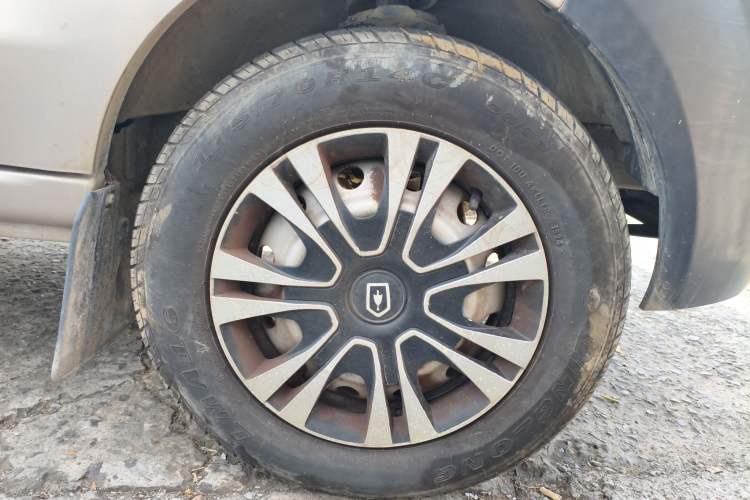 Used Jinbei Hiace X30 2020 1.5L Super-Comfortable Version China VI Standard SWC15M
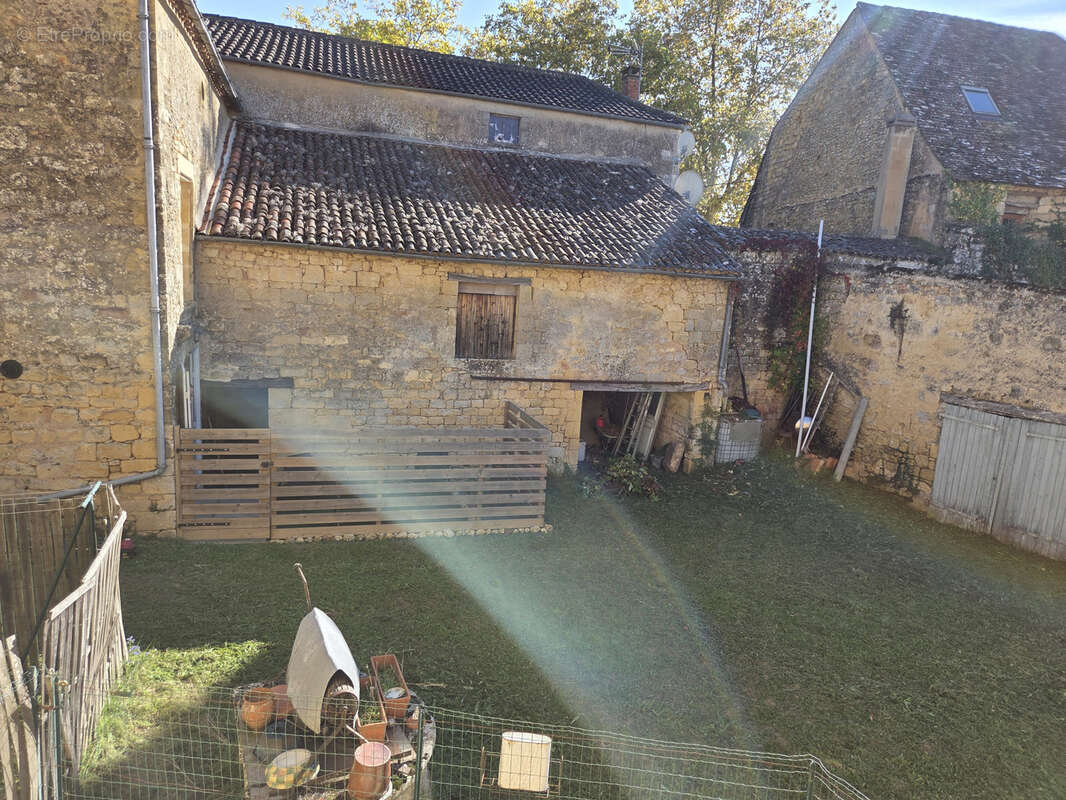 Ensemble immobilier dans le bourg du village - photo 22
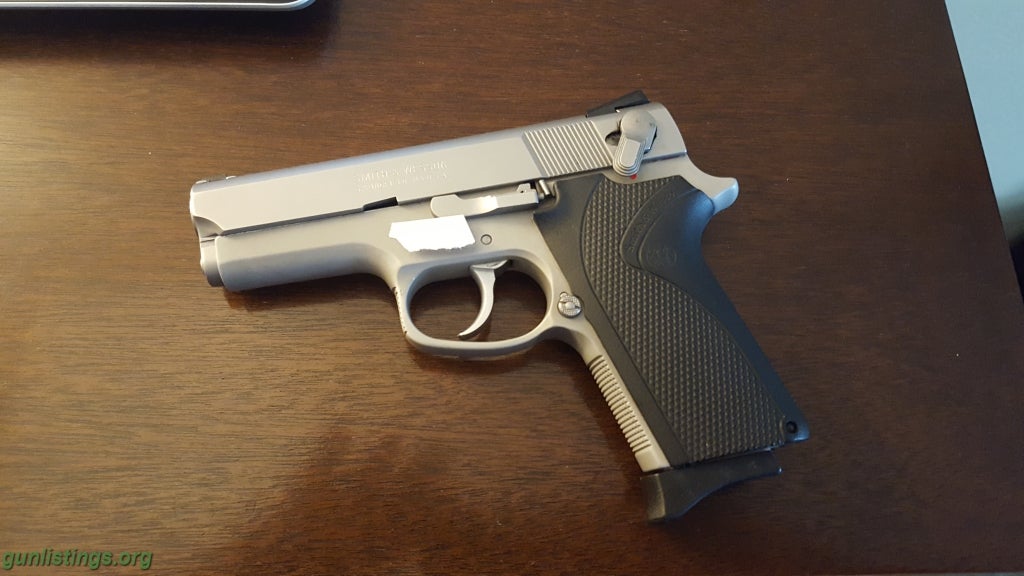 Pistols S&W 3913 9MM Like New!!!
######
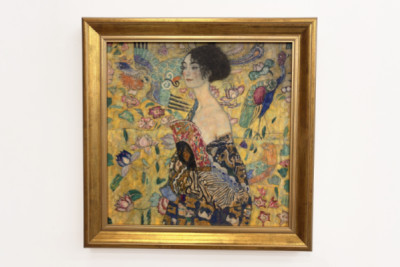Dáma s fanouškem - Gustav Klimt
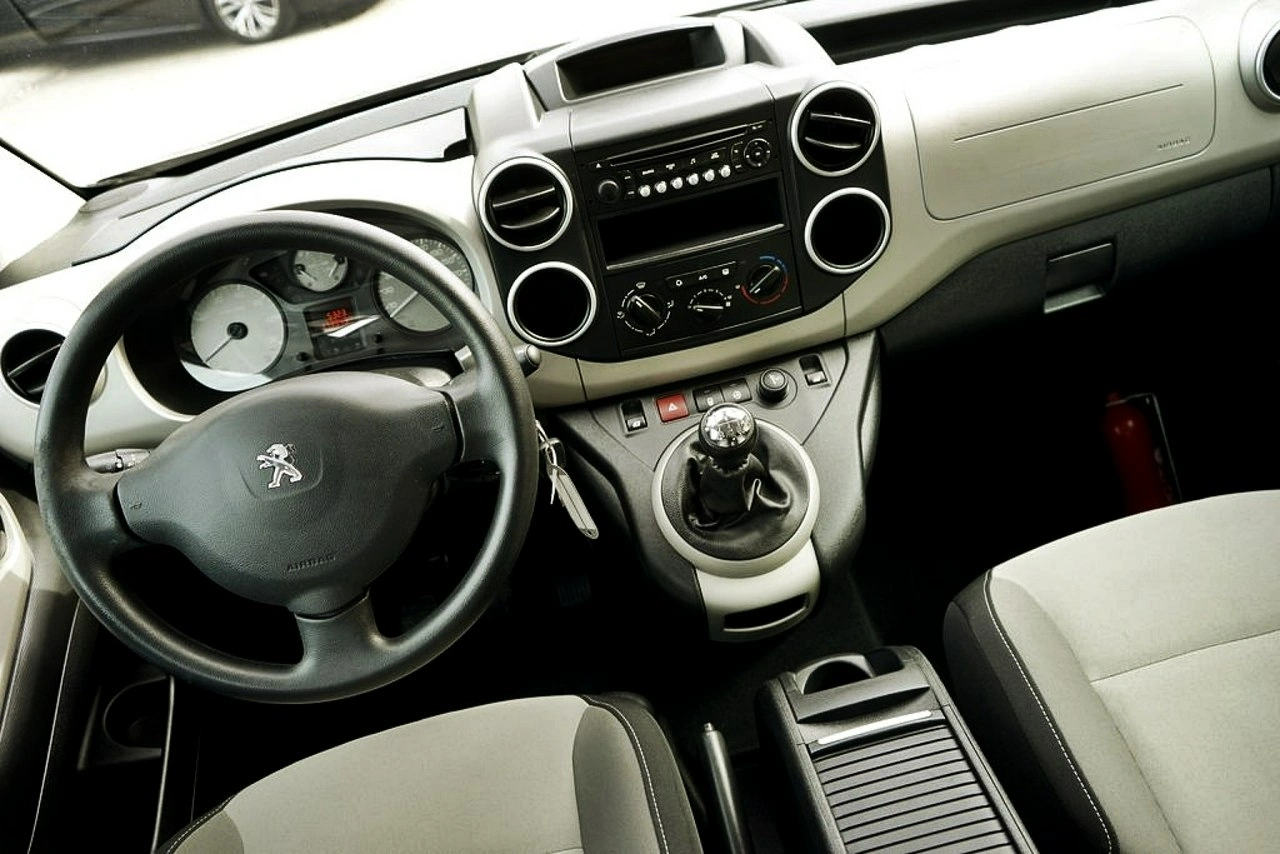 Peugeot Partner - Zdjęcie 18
######
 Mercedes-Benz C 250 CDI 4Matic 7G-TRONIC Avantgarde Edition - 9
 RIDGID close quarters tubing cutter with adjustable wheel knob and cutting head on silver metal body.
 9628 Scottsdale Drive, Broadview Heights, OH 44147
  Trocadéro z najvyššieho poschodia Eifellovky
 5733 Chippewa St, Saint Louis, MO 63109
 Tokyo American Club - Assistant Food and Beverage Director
######
- _Activity_
Starting at the line above that holds "Ensemble immobilier dans", return each line up to and including the one that holds "Pistols S&W 3913 9MM Like New!!!", exactly as written, minus any pictures.

- _Solution to this problem_
 Ensemble immobilier dans le bourg du village - photo 22
 Pistols S&W 3913 9MM Like New!!!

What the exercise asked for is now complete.